In short, it’s a one-year data for a UK-based based company 💂‍♂️. Selling unique all occasion gifts.

So basically, we want to understand how many customer segments are there which are valued for the business or important for the business. 💸

Before we do something, let’s map our journey with the steps we will follow. 🚎

Steps Involved

  1. Read and understand the data
  2. Clean the data
  3. Prepare the data for modeling
  4. Modeling
  5. Final analysis and recommendations

📖Read and understand the data

Importing the necessary packages and libraries

import numpy as np
import pandas as pd
import matplotlib.pyplot as plt
import seaborn as sns

import datetime as dt

import sklearn
from sklearn.preprocessing import StandardScaler
from sklearn.cluster import KMeans
from sklearn.metrics import silhouette_score

from scipy.cluster.hierarchy import linkage
from scipy.cluster.hierarchy import dendrogram
from scipy.cluster.hierarchy import cut_tree

Read the dataset

# read the dataset
retail_df = pd.read_csv("Online+Retail.csv", sep=",", encoding="ISO-8859-1", header=0)
retail_df.head()

Let’s understand the data at hand.

  1. InvoiceNo: its a 6-digit integral number uniquely assigned to each transaction.

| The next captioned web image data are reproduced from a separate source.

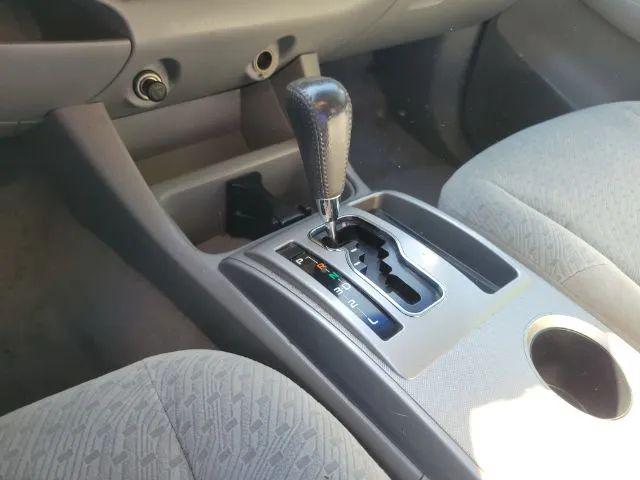2008 Toyota Tacoma Base
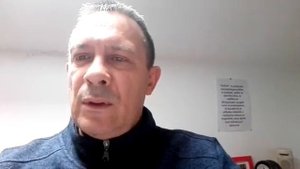 ☝️ Мужчина должен брать ответственность за себя, за семью, за общество. Александр Гебель. 07.10.201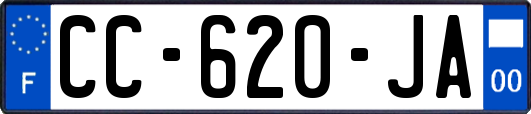 CC-620-JA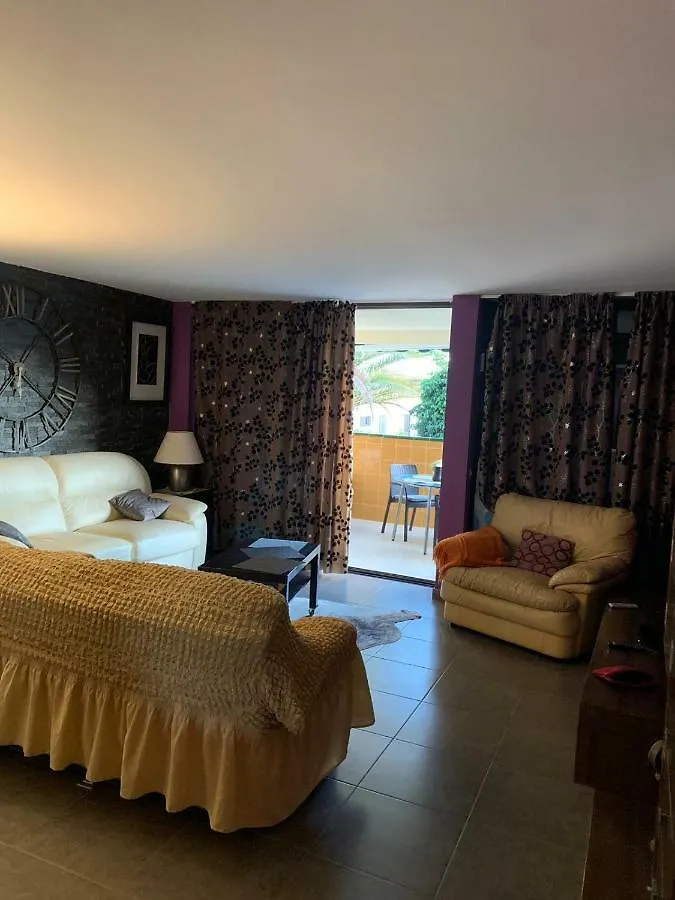 Sur I Sol Cristianos Apartment Arona  Spain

If this code starts with the letter ‘c’, it indicates a cancellation.
  2. StockCode: Product (item) code, is a 5-digit integral number uniquely assigned to each distinct product.
  3. Description: Product (item) name.
  4. CustomerID: Customer number, a 5-digit integral number uniquely assigned to each customer.

The firstfew rows have the same InvoiceNo which means they all belong to the same transaction (bought in a group by a particular customer).

Now that we’ve understood what to do with the dataset, it’s always a good idea to start with cleaning the data first. 🧹🧹

🫧Clean the data

Checking the values in the dataframe

# missing values
round(100*(retail_df.isnull().sum())/len(retail_df), 2)

CustromerID have huge number of missing values (about 25%). So if drop this column then there is no point of doing the modeling, as the whole analysis is about segmenting the customer. There we go ahead and drop the records or rows of both Description and CustomerID with 0.27% and 25% missing values.

# drop all rows having missing values
retail_df = retail_df.dropna()
retail_df.shape

#==> (406829, 8)

Before we move to data preparation we need a column called amount (which is quanity*unitPrice) . Basically total amount of a particular item bought.

# new column: amount 
retail_df['amount'] = retail_df['Quantity']*retail_df['UnitPrice']
retail_df.head()

Data Preparation

Before we get into data preparation, we need to understand that clustering data on customer (especially in ecommerce) requires to see the data in terms of Recency, Frequency and Monetory.

  • R (Recency): Number of days since last purchase
  • F (Frequency): Number of transaction
  • M (Monetary): Total amount of transactions (revenue contributed)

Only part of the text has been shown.